Le litige porte sur le droit de l'intimé à une rente d'invalidité,
singulièrement sur la possibilité pour celui-ci de se prévaloir du principe
de protection de la bonne foi et sur l'applicabilité au cas d'espèce des
dispositions relatives à la révision ou à la reconsidération du droit à la
rente.

3.
Lorsque l'on examine le droit à une rente d'invalidité pour une période
précédant l'entrée en vigueur de la LPGA, il y a lieu d'appliquer le principe
général de droit transitoire, selon lequel - même en cas de changement des
bases légales - les règles applicables sont celles en vigueur au moment où
les faits juridiquement déterminants se sont produits. Ainsi, un tel droit
doit être examiné à l'aune des dispositions de la LAI en vigueur jusqu'au 31
décembre 2002, pour la période courant jusqu'à cette date, puis à celle de la
nouvelle réglementation pour la période postérieure (ATF 130 V 445 et les
références; voir aussi ATF 130 V 329).

En l'espèce, ce changement législatif n'a pas eu d'incidence dans la mesure
où le principe de protection de la bonne foi et les conditions de la révision
ou de la reconsidération ainsi que celles de l'octroi des rentes n'ont pas
subi de modifications (ATF 130 V 343).

4.
4.1 Les premiers juges ont d'abord admis que l'intimé remplissait les
conditions nécessaires lui permettant de se prévaloir du principe de
protection de la bonne foi.

L'office recourant conteste pour sa part que l'intéressé ait pris des
dispositions irréversibles suite au projet de décision du 26 septembre 2002
et qu'un préjudice en ait résulté.

4.2 Ancré à l'art. 9 Cst. et valant pour l'ensemble de l'activité étatique,
le principe de la bonne foi exige que l'administration et les administrés se
comportent réciproquement de manière loyale. L'administration doit en
particulier s'abstenir de tout comportement propre à tromper l'administré et
ne saurait tirer aucun avantage des conséquences d'une incorrection ou
insuffisance de sa part. A certaines conditions, le citoyen peut ainsi exiger
de l'autorité qu'elle se conforme aux promesses ou assurances qu'elle lui a
faites et ne trompe pas la confiance qu'il a légitimement placée dans
celles-ci. De la même façon, le droit à la protection de la bonne foi peut
aussi être invoqué en présence d'un simple comportement de l'administration
susceptible d'éveiller chez l'administré une attente ou une espérance
légitime. Entre autres conditions, l'autorité doit être intervenue à l'égard
du citoyen dans une situation concrète et celui-ci doit avoir pris, en se
fondant sur les promesses ou le comportement de l'administration, des
dispositions qu'il ne saurait modifier sans subir de préjudice (cf. ATF 129
II 361 consid. 7.1 p. 381 et les références).

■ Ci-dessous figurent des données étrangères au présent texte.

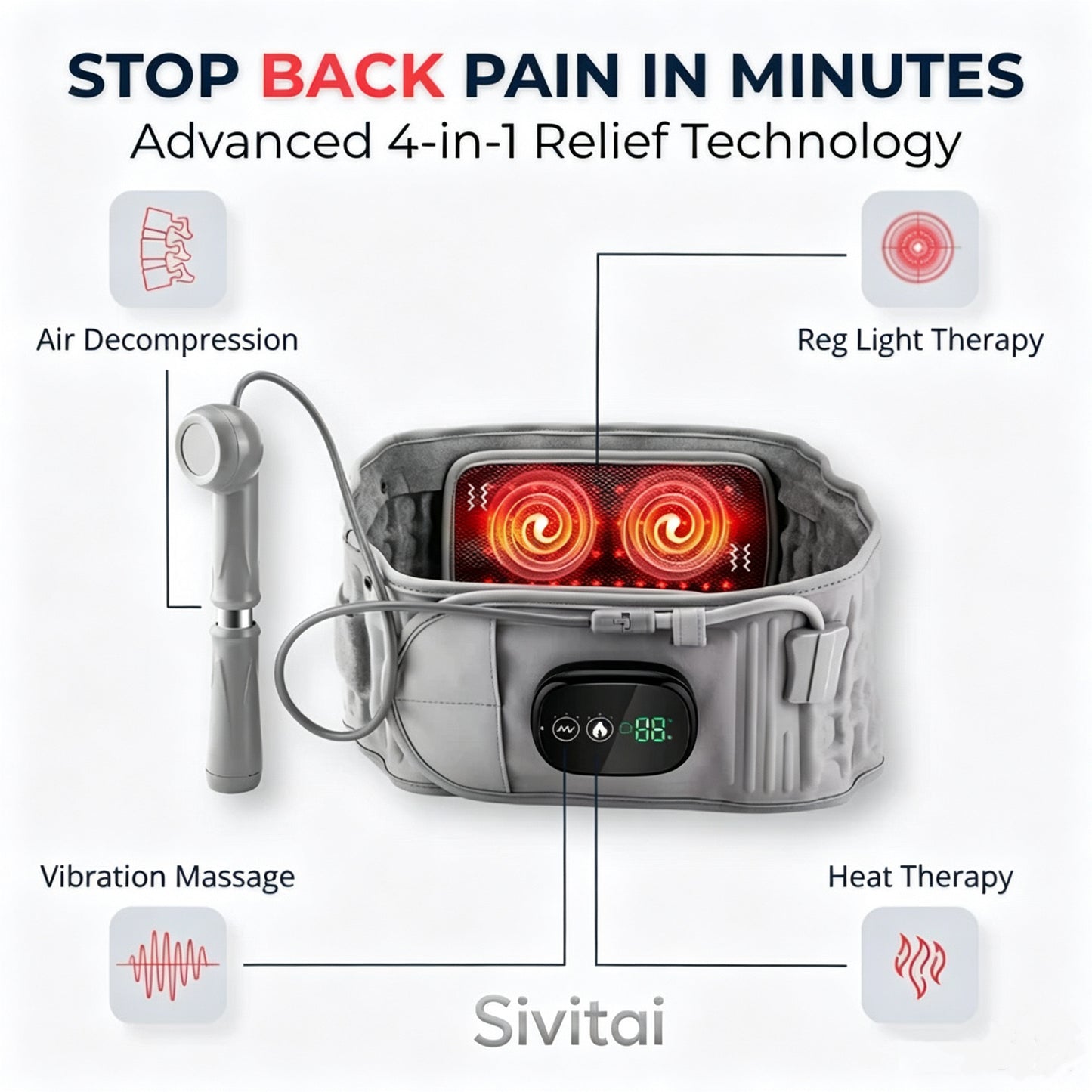 Sivitai Pro Lumbar System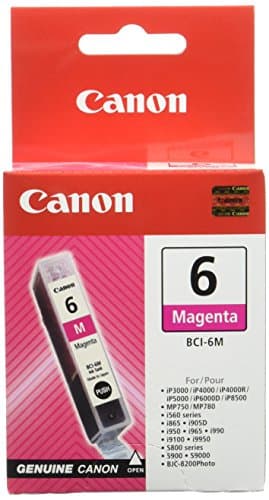 Canon Magenta BCI-6M ink tank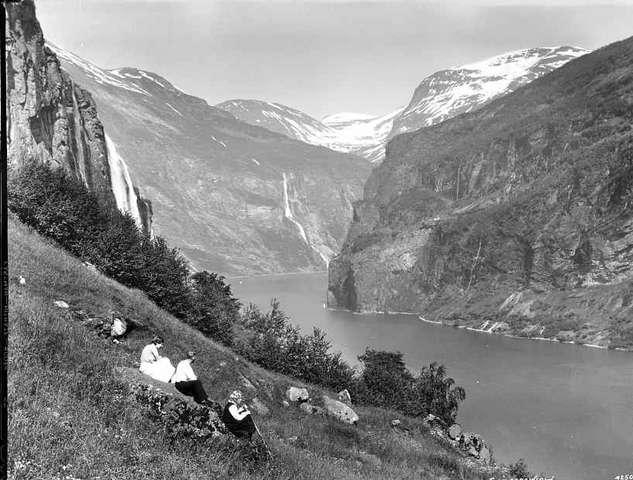 Prot: Geiranger, Fjorden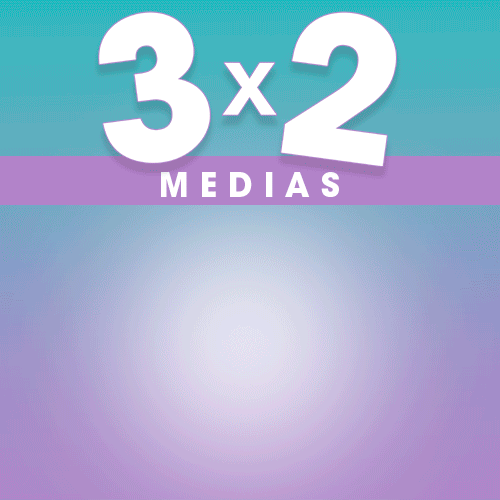 3x2 medias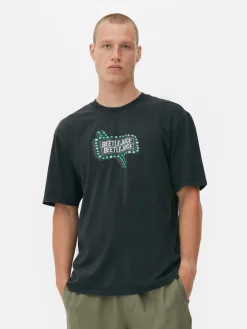 Camiseta Con Efecto Lavado De Bitelchús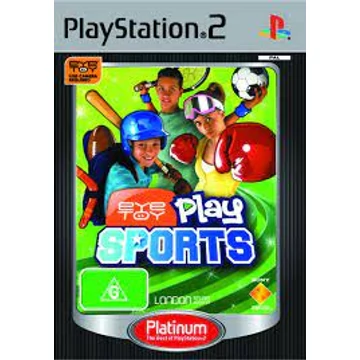 Eye Toy Play Sports Ps2(Francia Borító)(Platinum)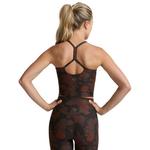 Women's Beyond Yoga Spacedye Crop Sports Bra - Thumbnail 3 of 4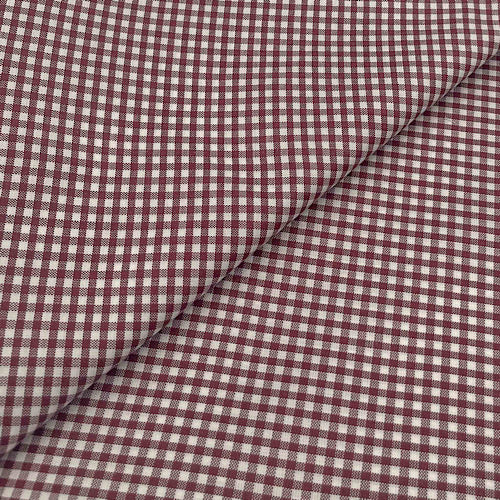 Poly Viscose Check D112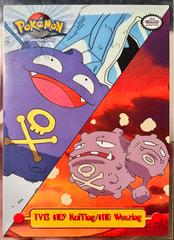 Koffing, Weezing Pokemon 1999 Topps TV Prices
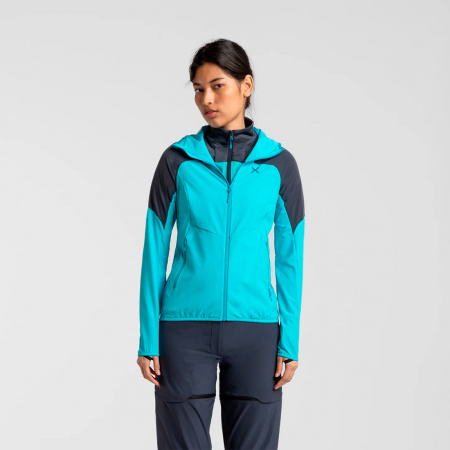 Куртка женская Montura RISE HOODED JACKET WOMAN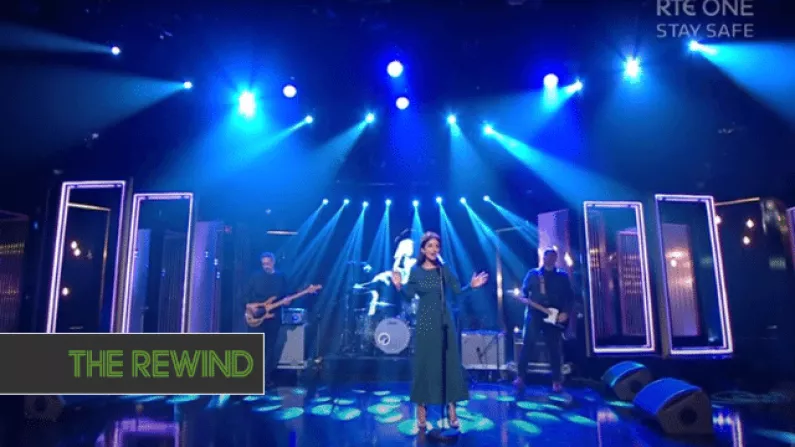 Watch: The Cranberries Late Late Show Tribute Was Brilliant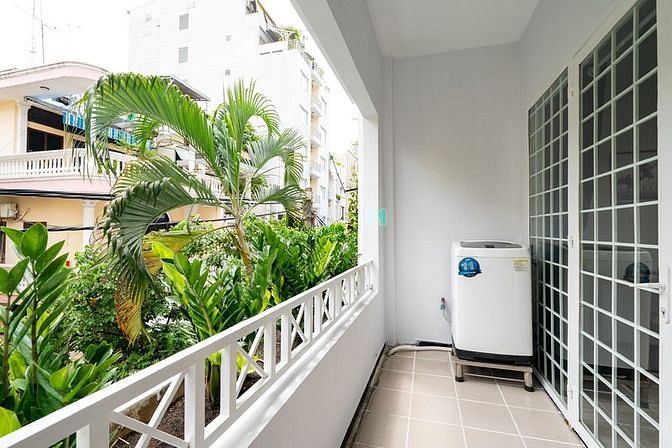 Hình ảnh Căn Hộ Q.1 Đa Kao có ban công 1PN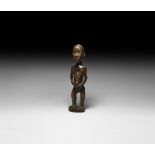 West African Tabwa Male Figure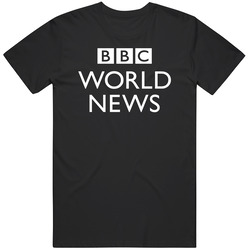 Bbc World News Tv Channel Cool Television Station Vintage Unisex Classic T Shirt Bbc World News Tv Channel Cool Television Station Vintage Unisex Classic T Shirt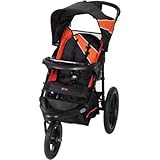 Baby Trend XCEL Jogging Stroller, Tiger Lily Provides a more Secure and Comfortable Ride for your Ba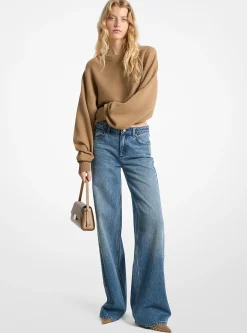 Calças de ganga com perna larga | Michael Kors [PT]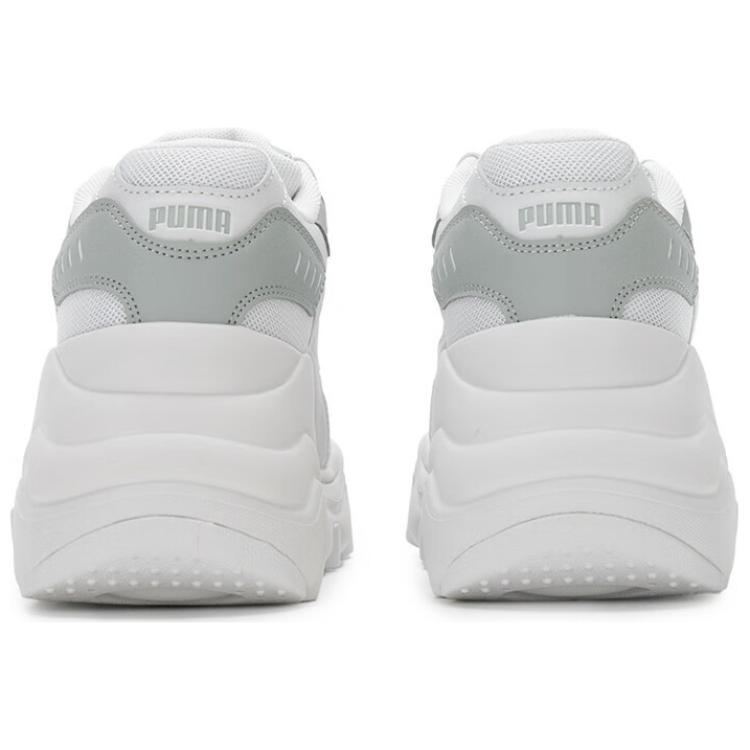 Puma Кроссовки женские Pulsar Wedge Mesh Feather Grey Smokey-Grey 399680-02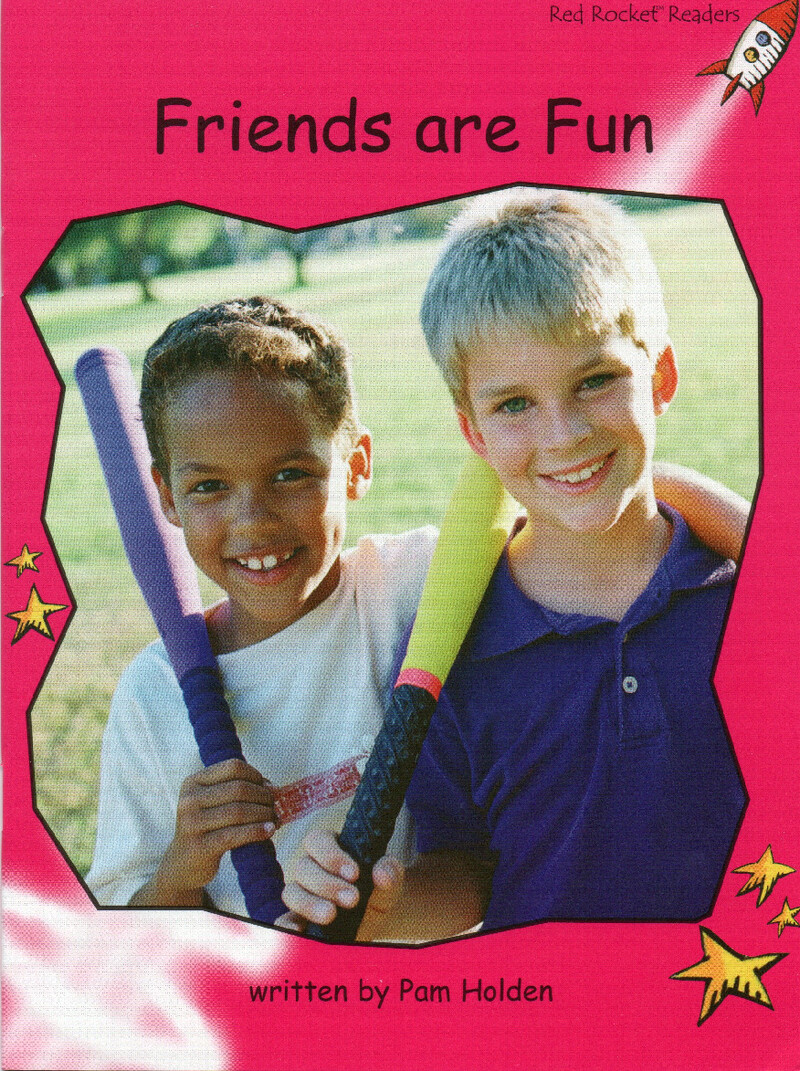 friends are fun绘本故事第2页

4.3 En l'espèce, comme le relève à juste titre l'office recourant, il n'est
pas établi qu'après avoir reçu le projet de décision du 26 septembre 2002,
l'intimé ait pris des dispositions contraires à ses intérêts et sur
lesquelles il ne pouvait plus revenir. Celui-ci n'a d'ailleurs jamais
prétendu que tel était le cas.

L'intimé ne peut donc se prévaloir du principe de la bonne foi pour obliger
l'administration à lui consentir le versement de la rente prévue dans le
projet de décision en question.

5.
5.1 La juridiction cantonale a encore considéré que le projet de décision
était un acte sur lequel l'autorité administrative ne pouvait revenir que si
les conditions d'une révision ou d'une reconsidération étaient données.

L'office recourant conteste cette argumentation.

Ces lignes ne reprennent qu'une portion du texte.